Jülich: Den Schwanenteich unter Denkmalschutz stellen?

Jülich: Den Schwanenteich unter Denkmalschutz stellen?

Die turnusmäßigen Vorstandwahlen beim Jülicher Bürgerbeirat wurden von der Mitgliederversammlung zügig erledigt. Alle Wahlen erfolgten einstimmig. Neuer und alter Sprecher ist Wolfgang Gunia, seine beiden Vertreter sind Elmar Fuchs und Karl Sauer.

Winfried Cremerius bekleidet weiterhin das Amt des Schatzmeisters. Zu Beisitzern wurden gewählt Beatrix Heet, Hans Güldenberg , Harald Koch, Martina Lothmann, Hildegard Pott und Horst Zimmermann. Das berichtet der Beirat.

Dr. Peter Nieveler, der nicht mehr kandidierte, wurde vom Sprecher mit herzlichem Dank und Anerkennung für seine Leistungen für den Bürgerbeirat verabschiedet. Im Zentrum des Rechenschaftsberichtes von Sprecher Gunia standen die Projekte, u.a. das Buch „Jülich gestern — Jülich heute“, die Mitwirkung am Preußenprojekt, Exkursionen, eine sehr interessante Exkursion zu den Festungen in Luxemburg. Schatzmeister Cremerius gab laut Beirat „einen sehr positiven Überblick über die Vereinsfinanzen“. In der anschließenden Aussprache mahnte Elmar Fuchs eindringlich an, der Bürgerbeirat müsse sehr viel politischer werden, müsse mehr Stellung nehmen zu allen Vorgängen in der Stadt, die die Festungsstadt beträfen. So interessiere man auch mehr Jugend für die Vereinsarbeit.

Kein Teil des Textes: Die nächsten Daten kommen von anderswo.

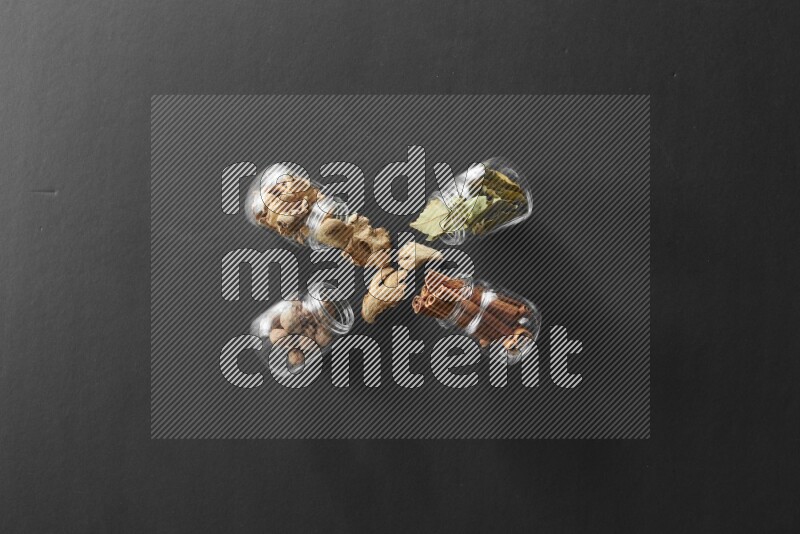 أوراق الغار وزنجبيل مجفف وقرفة وجوزة الطيب في أوعية زجاجية علي خلفية سوداء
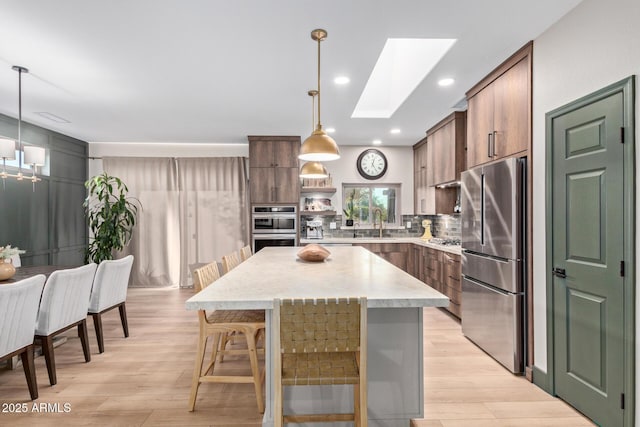 kitchen featuring pendant lighting, a skylight, a center island, and appliances with stainless steel finishes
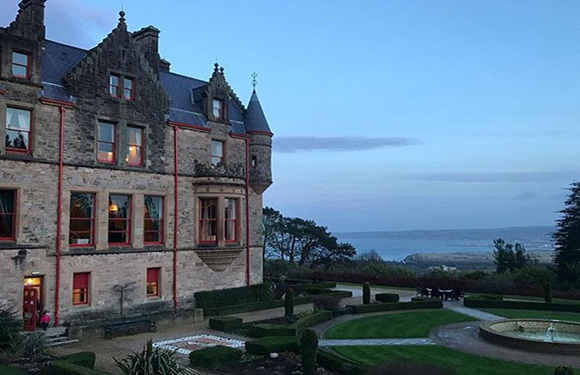 An image of a grand historic building at dusk with lit windows, manicured gardens in the foreground, and a view of the sea in the background.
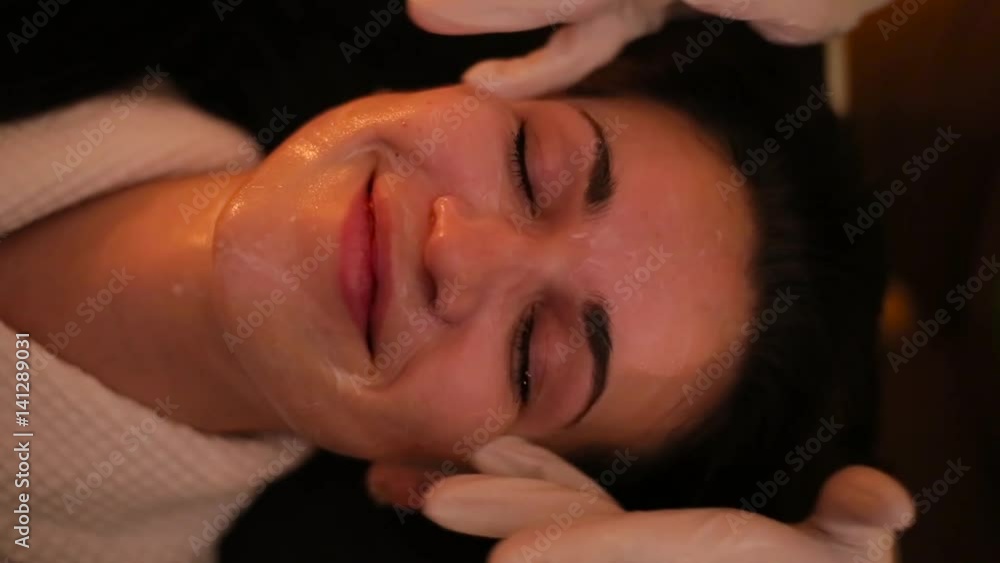 The girl is smeared with cream in the face in the beauty salon. The girl is smeared with cream in the face in the beauty salon.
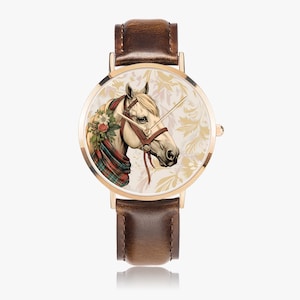 Puede incluir: Reloj de pulsera dorado con correa de cuero marrón. La esfera del reloj presenta una ilustración detallada de la cabeza de un caballo adornada con flores y una bufanda a cuadros sobre un fondo floral crema. El reloj tiene agujas doradas.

Verabschiedet wurde ein Veranstaltungsprogramm für die nächste Zeit mit einer Exkursion auf den Spuren der Herzöge, mit einem Rundgang zu den unter Denkmalschutz stehenden Bauten in Stetternich, mit Erkundungsgängen auch zu den weniger bekannten Festungsresten wie z.B. zum Ravelin Lyebeck, zur Bastion St. Jakob. Im November soll die Ausstellung „Herzog Wilhelm V. und seine Familie im Bild“ eröffnet werden.

Intensiv und ausgiebig wurde über das Bauprojekt am Schwanenteich diskutiert. Hier gingen die Meinungen weit auseinander. Das Spektrum reichte von sofortiger Ablehnung des Bauvorhabens über den Vorschlag, erst mal konkrete Pläne abzuwarten vor einer Stellungnahme bis zu einem Antrag, den Schwanenteichbereich unter Denkmalschutz zu stellen. Eine Mehrheit der Anwesenden stimmte für den letzten Vorschlag und beauftragte den neuen Vorstand, einen Antrag zu stellen.